### EXERCISE DIRECTIONS
Once you reach the line with "Strapless Lace Appliqué" in the material below, copy each line exactly up to and including the line with "Round Neck Bottoming", and skip the pictures.

### SUPPLIED DATA
#####
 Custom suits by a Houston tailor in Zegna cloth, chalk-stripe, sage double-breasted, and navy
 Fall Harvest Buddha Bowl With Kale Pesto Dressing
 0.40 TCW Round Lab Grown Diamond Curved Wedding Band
#####
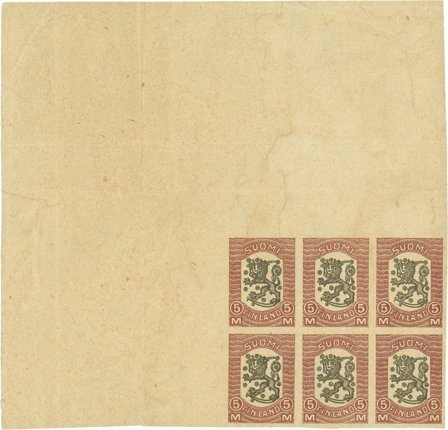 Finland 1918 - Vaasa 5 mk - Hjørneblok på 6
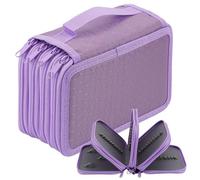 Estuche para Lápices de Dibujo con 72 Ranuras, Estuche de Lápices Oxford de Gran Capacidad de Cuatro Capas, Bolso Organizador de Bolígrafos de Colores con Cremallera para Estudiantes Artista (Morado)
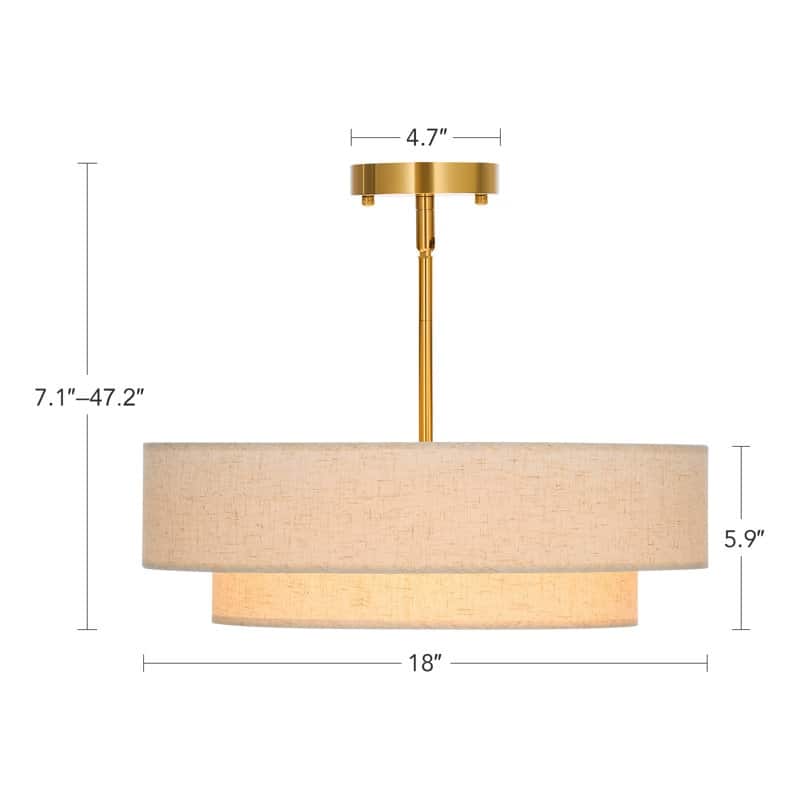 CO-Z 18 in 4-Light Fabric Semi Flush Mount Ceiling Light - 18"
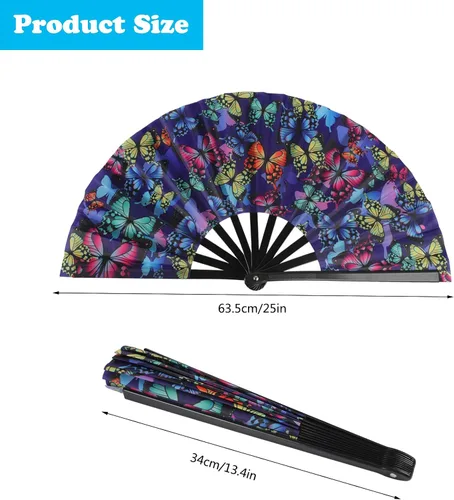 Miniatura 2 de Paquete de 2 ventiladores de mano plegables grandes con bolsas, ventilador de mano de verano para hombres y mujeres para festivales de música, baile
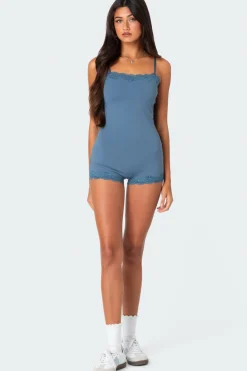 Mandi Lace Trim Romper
#####
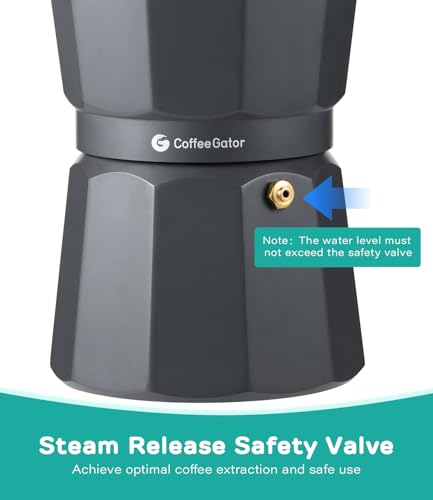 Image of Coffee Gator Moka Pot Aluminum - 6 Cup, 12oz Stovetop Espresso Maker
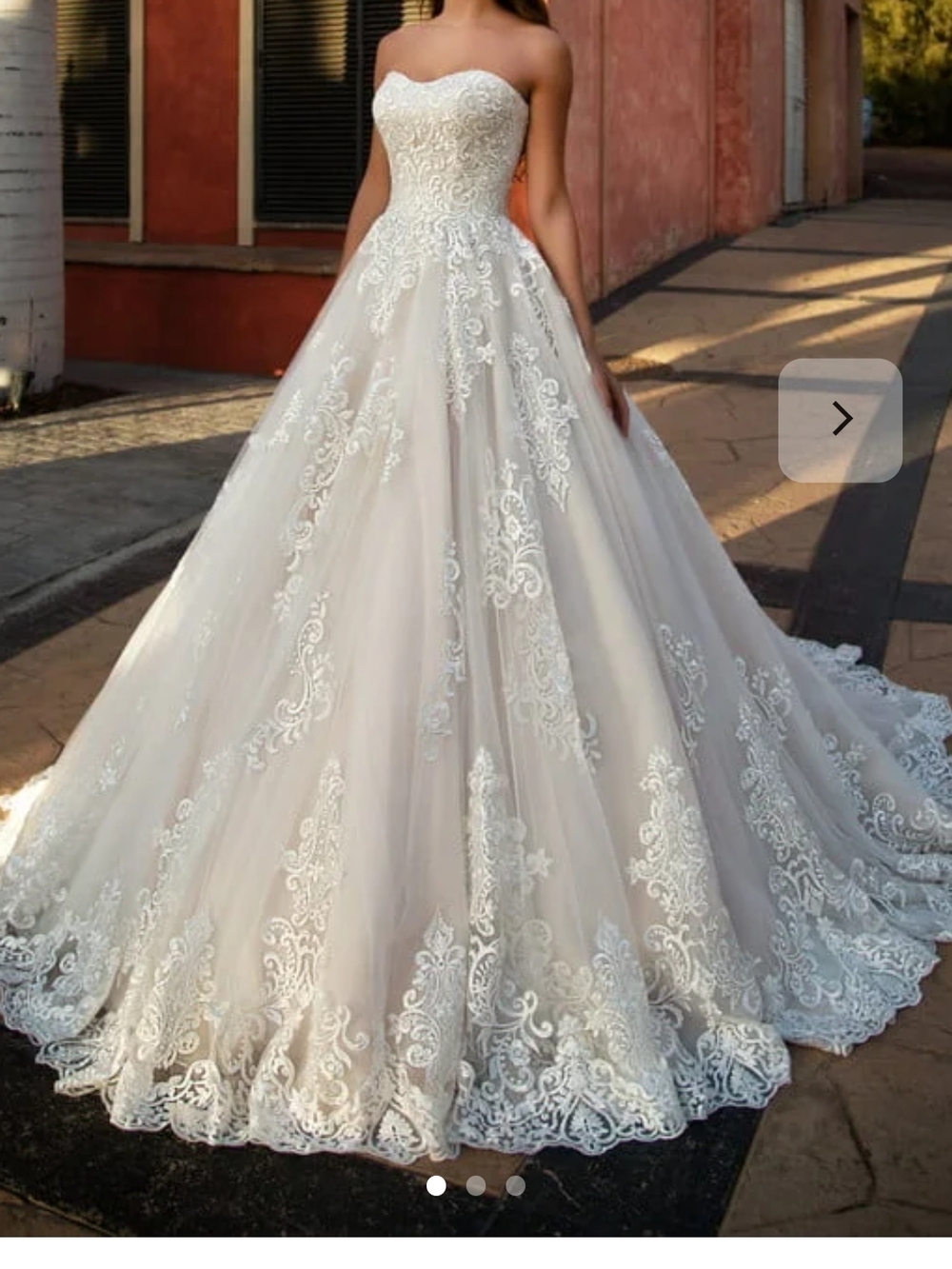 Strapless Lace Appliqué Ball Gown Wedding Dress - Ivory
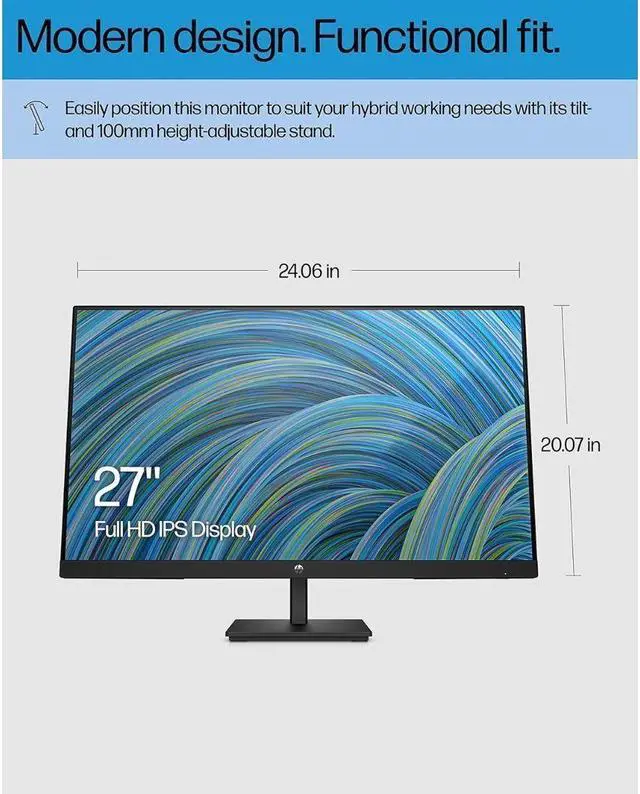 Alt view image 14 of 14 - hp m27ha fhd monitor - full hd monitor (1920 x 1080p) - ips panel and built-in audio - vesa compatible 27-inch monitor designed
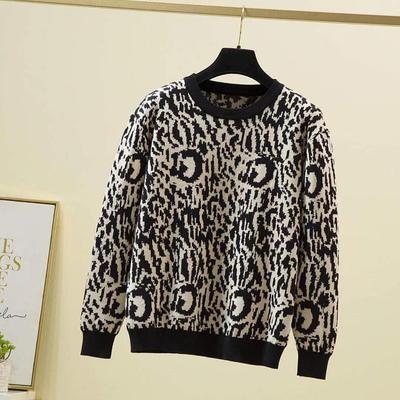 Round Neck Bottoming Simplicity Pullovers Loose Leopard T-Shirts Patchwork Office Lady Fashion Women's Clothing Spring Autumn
#####
### RESPONSE TO THIS TASK
 Strapless Lace Appliqué Ball Gown Wedding Dress - Ivory
 Alt view image 14 of 14 - hp m27ha fhd monitor - full hd monitor (1920 x 1080p) - ips panel and built-in audio - vesa compatible 27-inch monitor designed
 Round Neck Bottoming Simplicity Pullovers Loose Leopard T-Shirts Patchwork Office Lady Fashion Women's Clothing Spring Autumn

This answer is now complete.